**Information provided:**
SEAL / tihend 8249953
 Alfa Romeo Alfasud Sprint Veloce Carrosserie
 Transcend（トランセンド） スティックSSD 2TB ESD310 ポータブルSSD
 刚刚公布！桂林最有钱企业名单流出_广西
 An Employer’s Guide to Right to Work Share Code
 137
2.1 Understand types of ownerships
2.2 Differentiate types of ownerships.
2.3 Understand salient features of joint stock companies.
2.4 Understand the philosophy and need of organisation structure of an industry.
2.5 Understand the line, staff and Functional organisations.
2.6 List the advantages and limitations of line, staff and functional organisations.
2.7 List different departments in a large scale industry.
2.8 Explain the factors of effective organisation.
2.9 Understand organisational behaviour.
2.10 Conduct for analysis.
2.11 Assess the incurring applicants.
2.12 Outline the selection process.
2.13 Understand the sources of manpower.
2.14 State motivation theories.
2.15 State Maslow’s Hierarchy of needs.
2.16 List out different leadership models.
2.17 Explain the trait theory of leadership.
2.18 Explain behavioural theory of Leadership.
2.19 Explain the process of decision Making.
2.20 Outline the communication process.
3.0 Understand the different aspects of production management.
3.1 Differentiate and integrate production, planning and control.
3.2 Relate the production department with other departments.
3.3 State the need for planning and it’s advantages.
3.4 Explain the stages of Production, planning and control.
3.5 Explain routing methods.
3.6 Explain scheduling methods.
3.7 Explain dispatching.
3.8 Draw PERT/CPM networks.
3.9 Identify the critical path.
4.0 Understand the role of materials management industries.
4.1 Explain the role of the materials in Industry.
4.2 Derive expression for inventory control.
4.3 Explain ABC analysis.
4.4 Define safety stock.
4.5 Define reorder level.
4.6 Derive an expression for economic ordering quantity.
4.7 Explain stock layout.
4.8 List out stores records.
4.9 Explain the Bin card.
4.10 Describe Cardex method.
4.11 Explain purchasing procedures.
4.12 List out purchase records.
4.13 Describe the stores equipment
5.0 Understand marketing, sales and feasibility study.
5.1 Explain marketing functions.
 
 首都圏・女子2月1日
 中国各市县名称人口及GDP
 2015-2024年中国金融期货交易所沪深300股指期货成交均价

**What is needed:**
Only an exact reproduction of the lines from the one with "5.1 Explain marketing functions." to the end of the listing is expected.

**Result below:**
5.1 Explain marketing functions.
 
 首都圏・女子2月1日
 中国各市县名称人口及GDP
 2015-2024年中国金融期货交易所沪深300股指期货成交均价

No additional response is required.